Under the Convention of Chuenpi (Chuanbi) signed on January 20, 1841, Hong Kong Island was ceded to Britain. A naval landing party hoisted the British flag at Possession Point (in the vicinity of present-day Hollywood Road Park in Sheung Wan) on January 26, 1841, and the island was formally occupied. In June, Elliot began to sell plots of land and settlement began.
Neither side accepted the Chuenpi terms. The cession of a part of China aroused shame and anger among the Chinese, and the unfortunate Qishan was ordered to Peking (Beijing) in chains. Palmerston was equally dissatisfied with Hong Kong, which he contemptuously described as 'a barren island with hardly a house upon it', and refused to accept it as the island station that had been demanded as an alternative to a commercial treaty.

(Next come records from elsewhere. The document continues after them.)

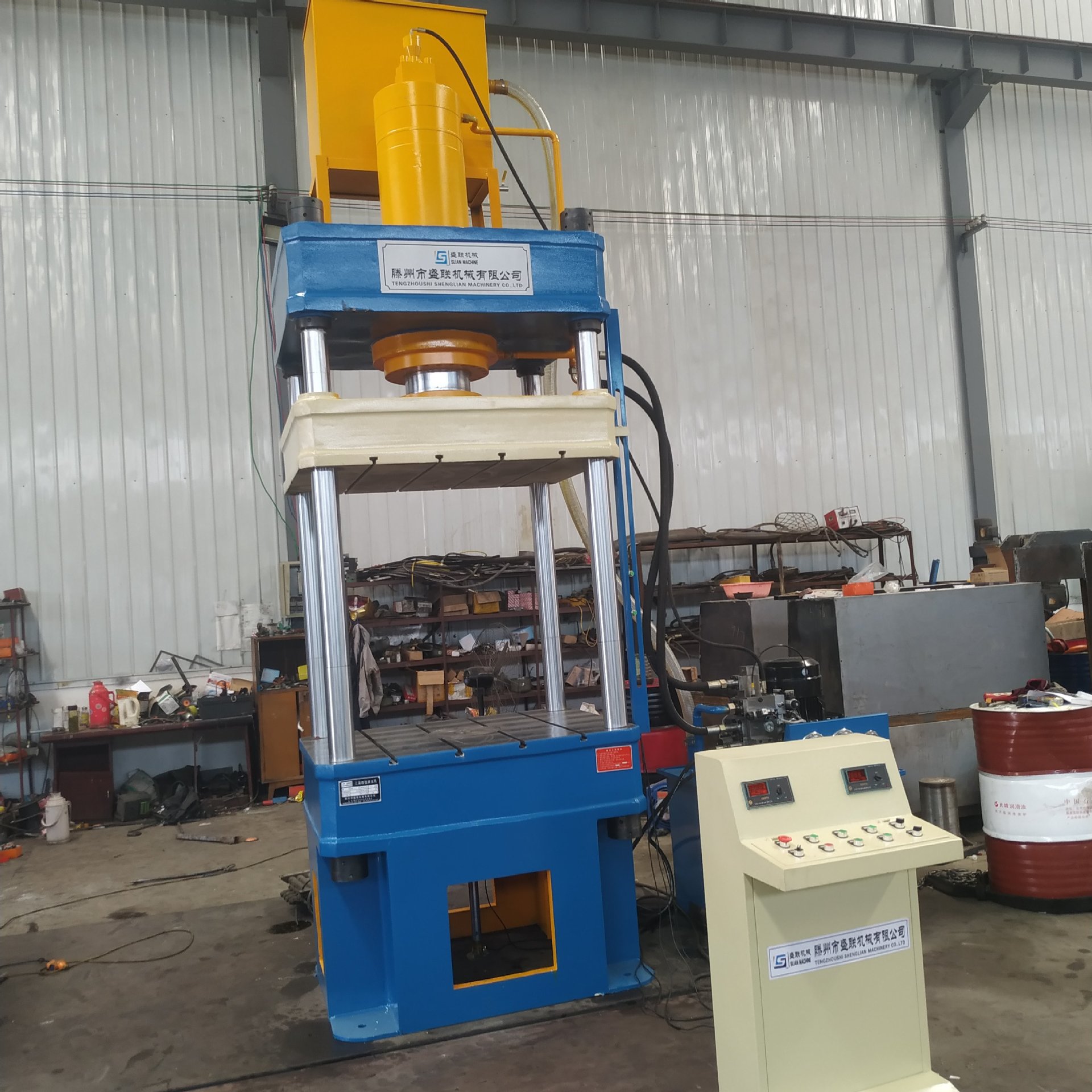 汽车离合器片 刹车片压制成型液压机 四柱液压机定做厂家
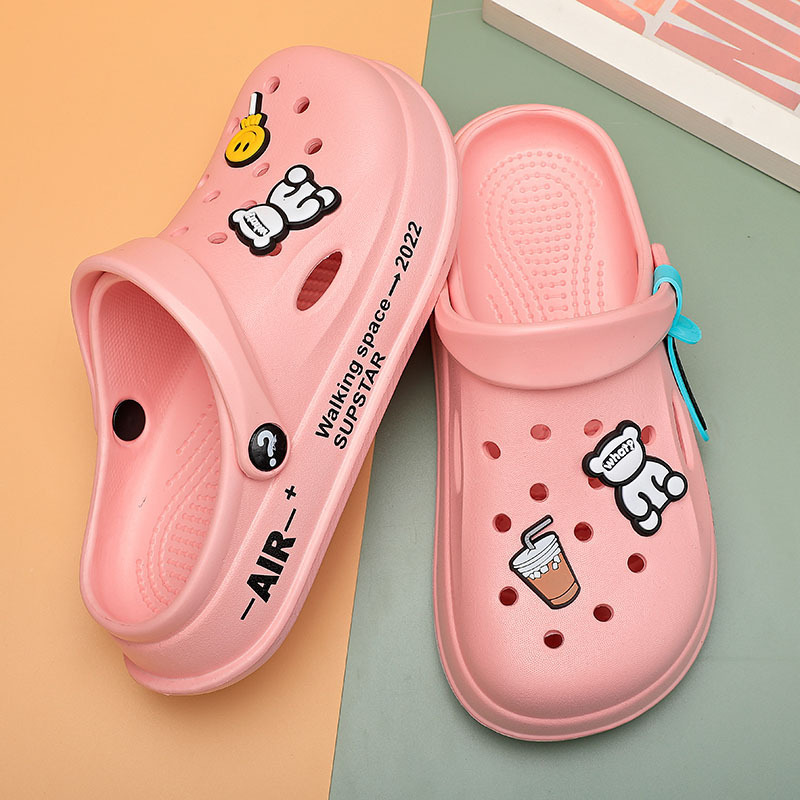 Eva Dong Dong zapatos para mujeres de verano nuevos estudiantes coreanos vestidos de enfermería bolsa suave antideslizante zapatillas de playa al por mayor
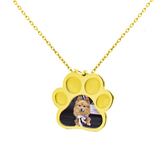 Custom Photo Memorial Jewelry Dog Paw Necklaces Cat Gift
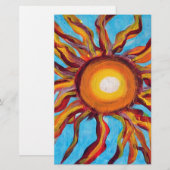 ワイルドサン 便箋 (正面/裏面)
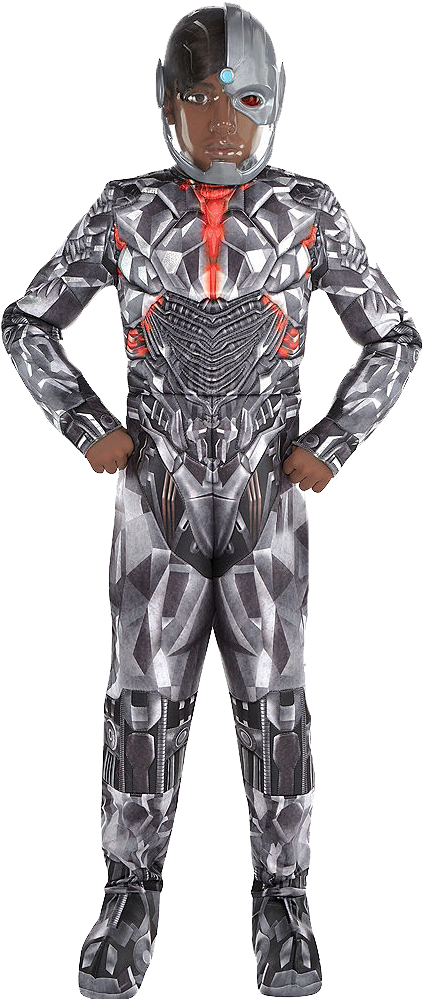 Cyborg Costume Clipart (1000x1000), Png Download
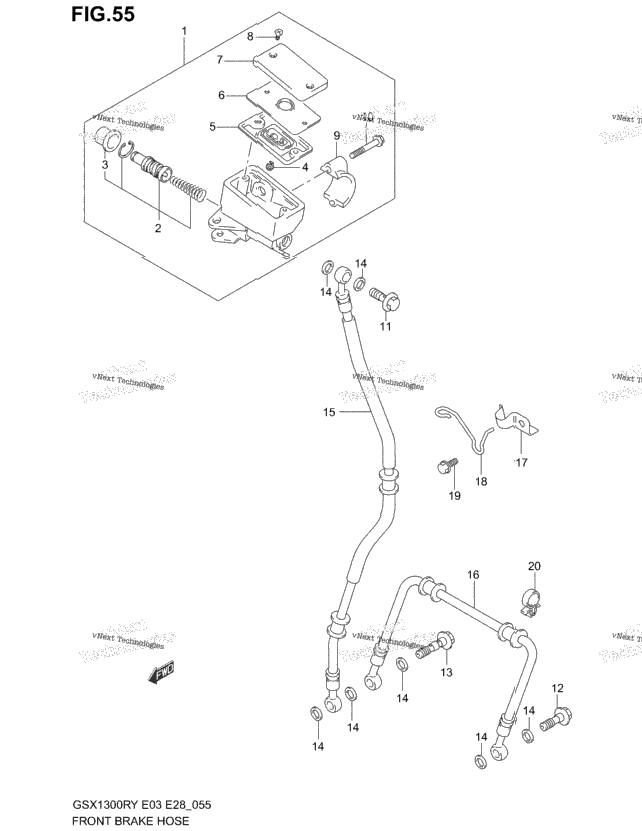 Front Brake Hose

'You have treated my instructions as if they were waste paper,' Palmerston told Elliot in a magisterial rebuke, and replaced him. Elliot's successor, Sir Henry Pottinger, arrived in August 1841 and conducted hostilities with determination. A year later, after pushing up the Yangtze River (Chang Jiang) and threatening to assault Nanking (Nanjing), he brought the hostilities to an end by the Treaty of Nanking, signed on August 29, 1842.
In the meantime, the Whig Government in England had fallen and, in 1841, the new Tory Foreign Secretary, Lord Aberdeen, issued revised instructions to Pottinger, dropping the demand for an island. Pottinger, who had returned to Hong Kong during the winter lull in the campaign, was pleased with the progress of the new settlement and, in the Treaty of Nanking, deviated from his instructions by demanding both a treaty and an island, thus securing Hong Kong.
Five Chinese ports, including Canton, were also opened for trade. The commercial treaty was embodied in the supplementary Treaty of the Bogue (Humen) in October 1843, by which the Chinese were allowed free access to Hong Kong Island for trading purposes.